• **About this exercise**
Once the line holding "29MP Safety Green" is found in the entries below, restate it and each line after it word for word, with no pictures.

• **Excerpted records**
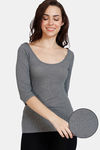 Zivame Thermal Pointelle Knit Poly Viscose Top - Anthra Melange — thumbnail 1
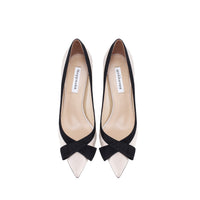 Women's Genuine Leather Apricot Bow Suede High Heels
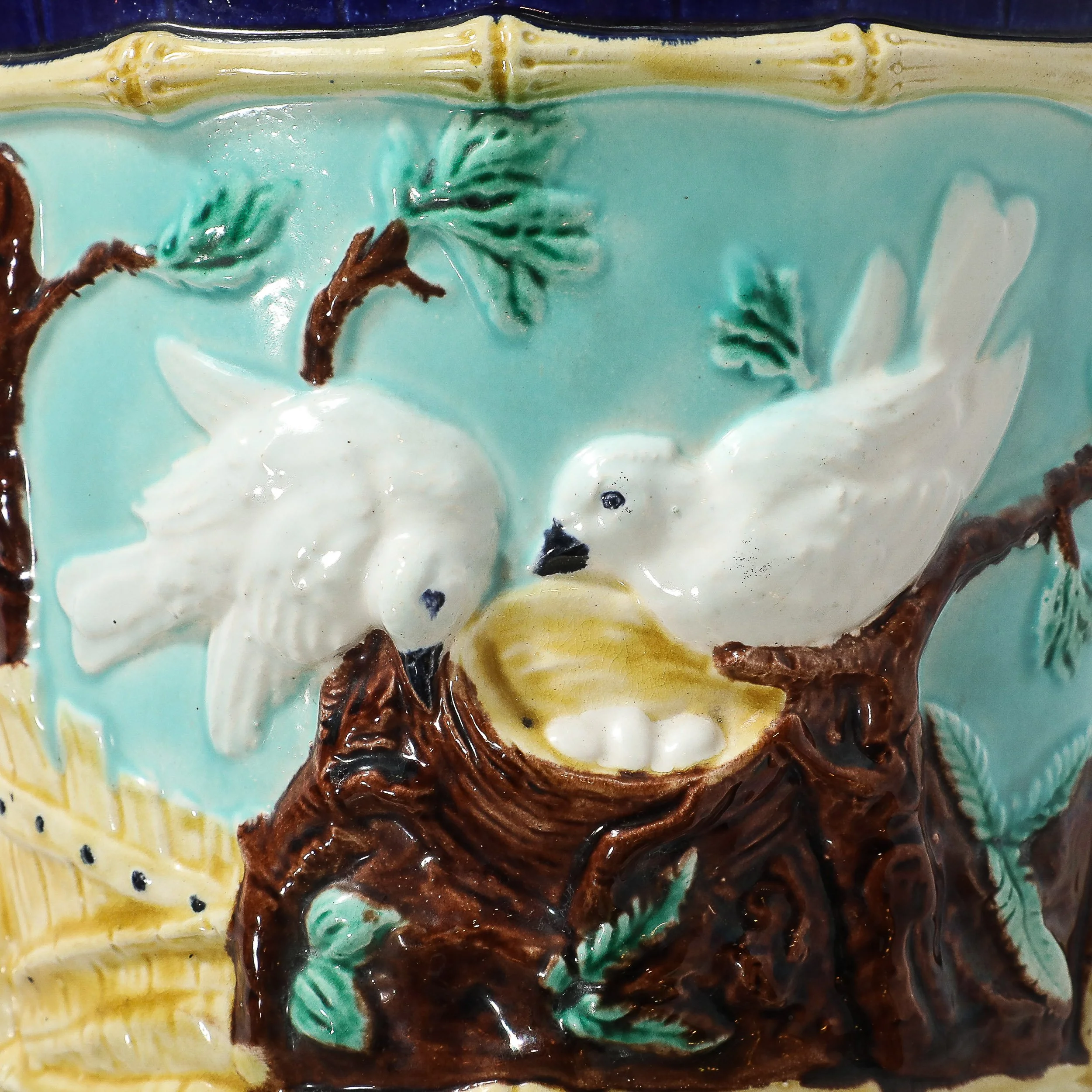 Pair of Signed Majolica Ceramic Cachepots w/ Birds, Nests & Bamboo Border Detail — image 7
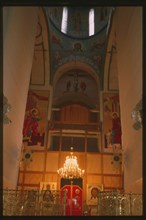 Cathedral of St. Sophia and Dormition (1681-86), interior, view east toward icon screen being repainted after devastation of Soviet era, Tobol'sk, Russia 1999.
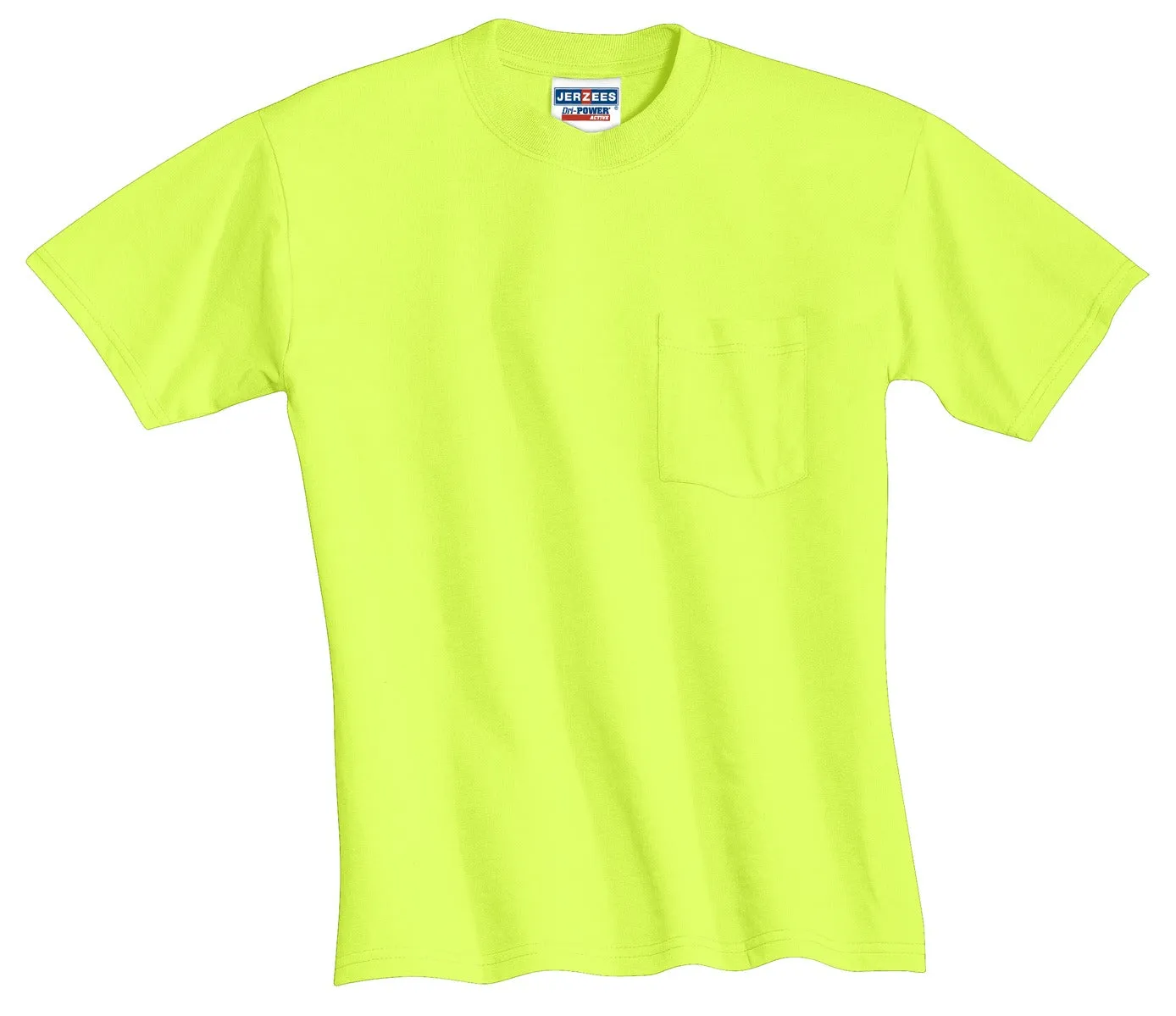Jerzees  Dri-Power 50/50 Cotton/Poly Pocket T-Shirt.  29MP Safety Green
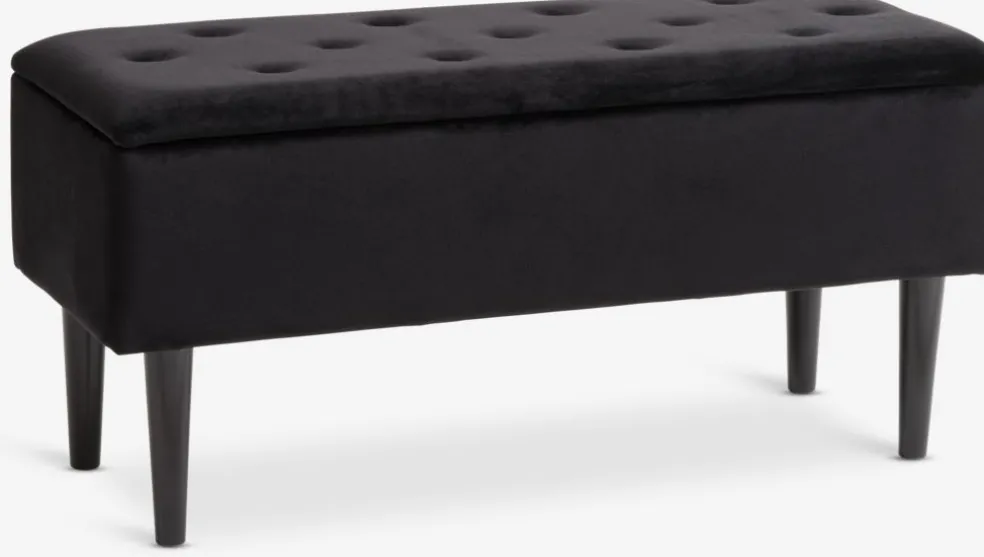 BADSTEDBanc BADSTED a/rangement velours noir/noir
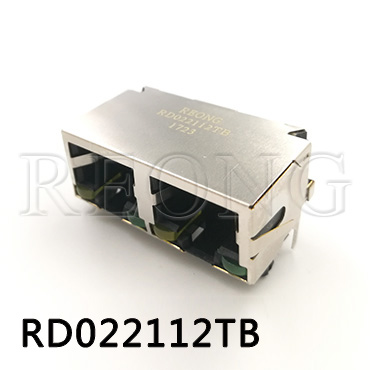 REONG RJ45 单层1*2 灯在下 90度插板 带LED 带屏蔽壳 RD022112TB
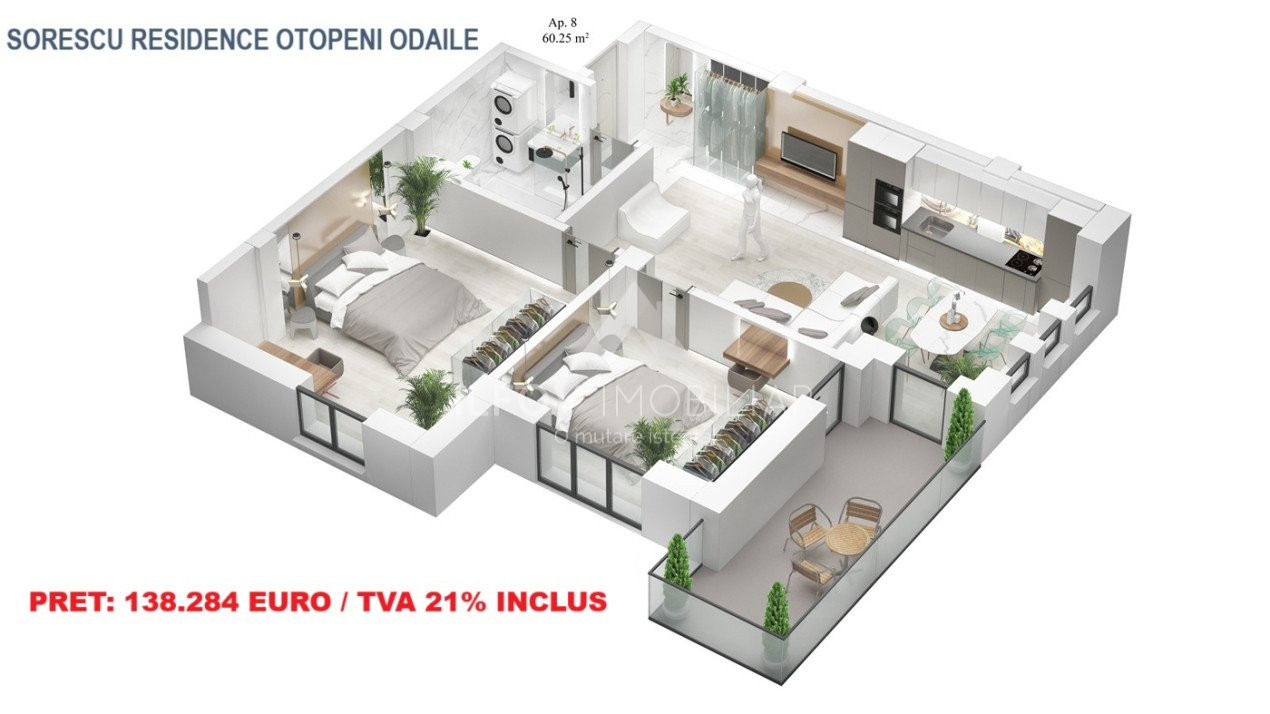 Apartamente cu 3 camere cu terasa, lift, langa parc 1 Mai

• **Response to the task**
Jerzees  Dri-Power 50/50 Cotton/Poly Pocket T-Shirt.  29MP Safety Green
 BADSTEDBanc BADSTED a/rangement velours noir/noir
 REONG RJ45 单层1*2 灯在下 90度插板 带LED 带屏蔽壳 RD022112TB
 Apartamente cu 3 camere cu terasa, lift, langa parc 1 Mai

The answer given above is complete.